- **Exercise goal**:
Restate verbatim the span of lines below between the line with "Business Woman Hang" and the line with "Doctor sat at computer", including those two lines, and only that span.

Crawled caption data:
┌──

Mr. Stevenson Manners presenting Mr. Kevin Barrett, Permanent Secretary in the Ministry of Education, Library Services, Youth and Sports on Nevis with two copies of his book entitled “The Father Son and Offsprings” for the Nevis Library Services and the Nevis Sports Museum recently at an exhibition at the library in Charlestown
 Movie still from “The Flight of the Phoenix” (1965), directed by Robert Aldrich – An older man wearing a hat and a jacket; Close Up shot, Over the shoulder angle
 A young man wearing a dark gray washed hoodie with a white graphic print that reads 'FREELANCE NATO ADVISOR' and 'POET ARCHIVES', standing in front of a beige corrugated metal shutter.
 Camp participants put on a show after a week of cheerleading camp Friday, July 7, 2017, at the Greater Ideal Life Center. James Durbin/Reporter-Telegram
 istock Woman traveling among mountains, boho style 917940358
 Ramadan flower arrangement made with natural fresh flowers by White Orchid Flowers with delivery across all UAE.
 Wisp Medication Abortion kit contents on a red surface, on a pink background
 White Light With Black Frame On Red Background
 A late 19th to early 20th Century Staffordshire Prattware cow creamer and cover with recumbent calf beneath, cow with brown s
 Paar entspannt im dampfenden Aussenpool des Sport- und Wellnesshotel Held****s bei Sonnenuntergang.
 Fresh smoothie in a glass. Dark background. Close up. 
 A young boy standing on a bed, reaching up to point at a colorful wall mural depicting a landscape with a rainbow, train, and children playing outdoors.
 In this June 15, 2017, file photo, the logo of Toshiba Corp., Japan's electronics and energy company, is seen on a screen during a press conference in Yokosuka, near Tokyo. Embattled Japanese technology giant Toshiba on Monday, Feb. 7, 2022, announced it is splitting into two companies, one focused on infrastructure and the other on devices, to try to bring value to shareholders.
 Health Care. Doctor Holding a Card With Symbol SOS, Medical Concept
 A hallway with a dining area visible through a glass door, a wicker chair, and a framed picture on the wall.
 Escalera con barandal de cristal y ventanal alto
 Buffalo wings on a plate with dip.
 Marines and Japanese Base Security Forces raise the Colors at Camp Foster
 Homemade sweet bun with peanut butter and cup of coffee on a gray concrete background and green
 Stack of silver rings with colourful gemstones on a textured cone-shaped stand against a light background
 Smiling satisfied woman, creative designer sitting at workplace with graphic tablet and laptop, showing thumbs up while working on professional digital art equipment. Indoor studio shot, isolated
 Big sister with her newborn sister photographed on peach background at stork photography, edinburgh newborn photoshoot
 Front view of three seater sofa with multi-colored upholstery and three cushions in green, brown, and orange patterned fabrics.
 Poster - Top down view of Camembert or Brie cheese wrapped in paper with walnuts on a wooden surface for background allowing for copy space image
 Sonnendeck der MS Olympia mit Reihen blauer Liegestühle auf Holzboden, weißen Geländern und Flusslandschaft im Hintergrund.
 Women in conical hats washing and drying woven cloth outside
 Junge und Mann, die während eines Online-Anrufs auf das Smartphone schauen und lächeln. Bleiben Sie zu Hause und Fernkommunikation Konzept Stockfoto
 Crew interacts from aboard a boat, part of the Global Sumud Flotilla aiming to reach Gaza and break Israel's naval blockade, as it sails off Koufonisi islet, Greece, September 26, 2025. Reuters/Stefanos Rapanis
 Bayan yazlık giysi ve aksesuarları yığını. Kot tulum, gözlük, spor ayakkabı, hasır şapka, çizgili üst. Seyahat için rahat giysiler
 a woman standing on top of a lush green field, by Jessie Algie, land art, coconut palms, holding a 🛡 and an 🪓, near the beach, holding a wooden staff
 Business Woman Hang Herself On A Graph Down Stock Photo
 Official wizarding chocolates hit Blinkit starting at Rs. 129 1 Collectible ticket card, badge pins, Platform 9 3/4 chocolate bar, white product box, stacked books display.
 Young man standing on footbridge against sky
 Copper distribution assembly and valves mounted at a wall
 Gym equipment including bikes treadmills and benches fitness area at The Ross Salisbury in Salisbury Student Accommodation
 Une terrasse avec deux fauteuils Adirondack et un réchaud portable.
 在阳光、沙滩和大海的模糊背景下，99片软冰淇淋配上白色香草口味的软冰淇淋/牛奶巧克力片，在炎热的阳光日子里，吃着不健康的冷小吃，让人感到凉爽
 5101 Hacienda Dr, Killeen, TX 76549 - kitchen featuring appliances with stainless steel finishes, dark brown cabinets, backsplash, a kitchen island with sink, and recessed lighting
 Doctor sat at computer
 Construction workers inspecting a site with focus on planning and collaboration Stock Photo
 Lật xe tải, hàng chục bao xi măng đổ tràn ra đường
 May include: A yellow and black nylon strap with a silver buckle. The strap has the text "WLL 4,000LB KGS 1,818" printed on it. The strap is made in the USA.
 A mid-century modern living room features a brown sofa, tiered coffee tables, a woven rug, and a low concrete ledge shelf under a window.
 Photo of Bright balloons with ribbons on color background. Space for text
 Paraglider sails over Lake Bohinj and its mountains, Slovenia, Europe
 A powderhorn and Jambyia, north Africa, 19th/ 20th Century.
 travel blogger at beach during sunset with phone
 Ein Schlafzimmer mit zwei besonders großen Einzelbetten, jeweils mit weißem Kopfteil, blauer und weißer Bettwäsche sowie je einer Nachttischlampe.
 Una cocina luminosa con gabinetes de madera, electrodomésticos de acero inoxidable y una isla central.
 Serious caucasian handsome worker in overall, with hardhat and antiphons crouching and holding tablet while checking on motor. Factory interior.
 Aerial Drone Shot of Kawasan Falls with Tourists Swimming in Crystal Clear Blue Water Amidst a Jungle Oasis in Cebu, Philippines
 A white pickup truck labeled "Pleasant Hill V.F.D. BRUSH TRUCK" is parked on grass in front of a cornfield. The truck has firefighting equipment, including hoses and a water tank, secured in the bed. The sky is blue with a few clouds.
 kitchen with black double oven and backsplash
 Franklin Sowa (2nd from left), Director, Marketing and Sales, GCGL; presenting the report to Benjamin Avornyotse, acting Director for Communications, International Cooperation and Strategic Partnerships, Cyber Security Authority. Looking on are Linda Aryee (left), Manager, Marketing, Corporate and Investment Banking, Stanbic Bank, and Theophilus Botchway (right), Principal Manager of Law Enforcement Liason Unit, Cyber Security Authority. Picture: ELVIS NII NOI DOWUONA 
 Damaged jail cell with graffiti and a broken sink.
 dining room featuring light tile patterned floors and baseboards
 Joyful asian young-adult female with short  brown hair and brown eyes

└──

- **Final answer**:
 Business Woman Hang Herself On A Graph Down Stock Photo
 Official wizarding chocolates hit Blinkit starting at Rs. 129 1 Collectible ticket card, badge pins, Platform 9 3/4 chocolate bar, white product box, stacked books display.
 Young man standing on footbridge against sky
 Copper distribution assembly and valves mounted at a wall
 Gym equipment including bikes treadmills and benches fitness area at The Ross Salisbury in Salisbury Student Accommodation
 Une terrasse avec deux fauteuils Adirondack et un réchaud portable.
 在阳光、沙滩和大海的模糊背景下，99片软冰淇淋配上白色香草口味的软冰淇淋/牛奶巧克力片，在炎热的阳光日子里，吃着不健康的冷小吃，让人感到凉爽
 5101 Hacienda Dr, Killeen, TX 76549 - kitchen featuring appliances with stainless steel finishes, dark brown cabinets, backsplash, a kitchen island with sink, and recessed lighting
 Doctor sat at computer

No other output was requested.